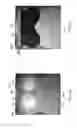 Fig. 52 - THERMAL EYE COMPRESS SYSTEMS AND METHODS OF USE
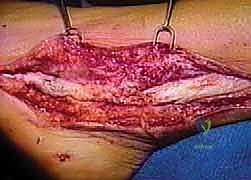 نقل وتر قابضة إبهام القدم الطويلة: حل متقدم لتمزقات أوتار الشظية المزمنة وآلام الكاحل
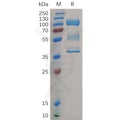 Human ZP3 Protein, hFc Tag – Figure 1 of 1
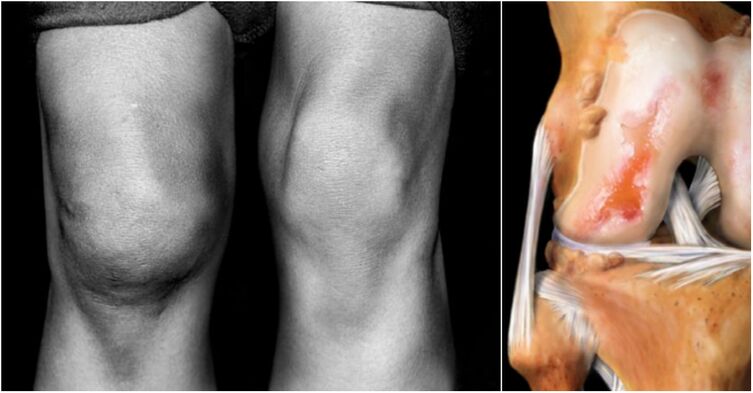arthrose de l'articulation du genou et de l'articulation endolori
# # # # #
→ WHAT YOU HAVE TO DO: The entire listing above is to be copied exactly, with all pictures omitted.

→ RESULT:
 Fig. 52 - THERMAL EYE COMPRESS SYSTEMS AND METHODS OF USE
 نقل وتر قابضة إبهام القدم الطويلة: حل متقدم لتمزقات أوتار الشظية المزمنة وآلام الكاحل
 Human ZP3 Protein, hFc Tag – Figure 1 of 1
arthrose de l'articulation du genou et de l'articulation endolori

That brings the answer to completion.